Seçim Kanunu tartışmaları: Daraltılmış bölge çözüm olur mu?

Türkiye Adalet Bakanı Abdülhamit Gül, pazartesi günü yaptığı açıklamayla Seçim Kanunu tartışmalarının yakın dönemde meclisin gündeminde olacağının sinyalini vermiş oldu.

17.06.2020, Çar - 16:55

Seçim Kanunu tartışmaları: Daraltılmış bölge çözüm olur mu?
Haberi Paylaş

Bakan Gül, "Zaruri yapılması gereken değişikliklerin masaya getirilmesini ve tüm partilerle müzakere edilmesini hedefliyoruz" dedi.

Ankara kulislerinde, bu değişikliklerin daraltılmış bölge uygulaması ve barajın düşürülmesi ancak yine de bölgesel olması gibi bir uygulama üzerinde çalışıldığı konuşuluyor.

Daraltılmış bölge tartışmaları 2014 yılında da gündeme gelmiş ama daha sonra rafa kaldırılmıştı.
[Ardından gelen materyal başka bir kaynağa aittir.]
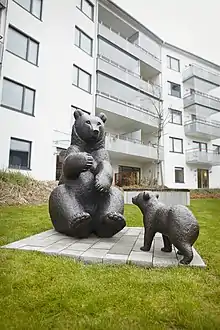 Björnen(O urso)Aline MagnussonSydney, Austrália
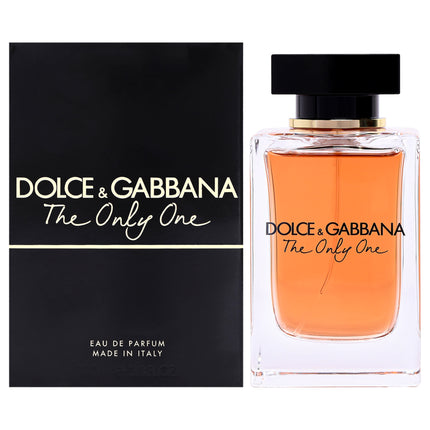 Dolce and Gabbana The Only One for Women EDP Spray - 3.3 oz - Reviews & Prices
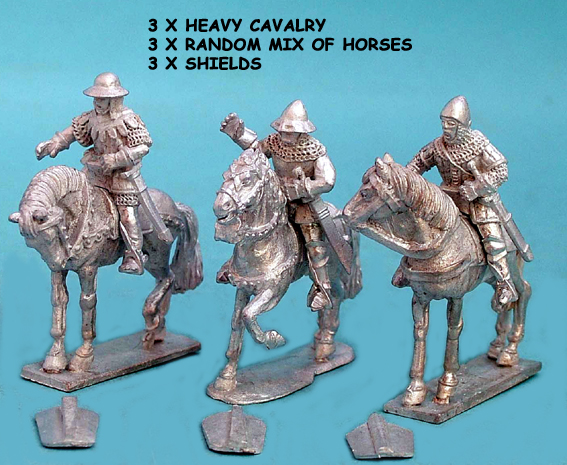 Hussite Heavy Cavalry [1C-KM18]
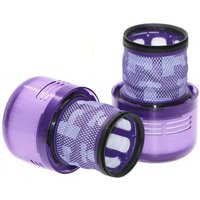 BEBUSINGOTO 2er-Pack waschbare Filter für Staubsauger der Dyson V11 SV14-Serie, Dyson V11 SV14-Ersatzfilter, ersetzt Dyson 970013-02 BEBUSINGOTO 2er-Pack waschbare Filter für Staubsauger der Dyson V11 SV14-Serie, Dyson V11 SV14-Ersatzfilter, ersetzt Dyson 970013-02 von BEBUSINGOTO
Dar Bölge Mi, Daraltılmış Bölge Mi?

Dar Bölge sisteminde Türkiye, seçilecek milletvekili sayısı kadar 'Seçim Bölgesi'ne ayrılır ve her bölgeden bir milletvekili seçilir.

İlk turda en fazla oy alan, iki turlu olduğunda da ilk turda yüzde 51 alan veya ikinci turda en fazla oy alan seçilir.

Daraltılmış bölge sisteminde ise, her il 5 milletvekili çıkaracak şekilde seçim çevrelerine ayrılır, ülke düzeyinde en az yüzde 5 oy alan partiler de aldıkları oya göre söz konusu vekillikleri paylaşır.

Hali hazırda seçim mevzuatının düzenlenmesine yönelik olarak AK Parti tarafından kurulan komisyon Genel Başkan Yardımcısı Hayati Yazıcı başkanlığında olup, komisyonda Seçim İşlerinden Sorumlu Genel Başkan Yardımcısı Ali İhsan Yavuz, Ar-Ge'den Sorumlu Genel Başkan Yardımcısı Hamza Dağ, Grup Başkan Vekilleri Özlem Zengin ve Bülent Turan bulunuyor ve çalışmaların yaz dönemi boyunca sürmesi bekleniyor.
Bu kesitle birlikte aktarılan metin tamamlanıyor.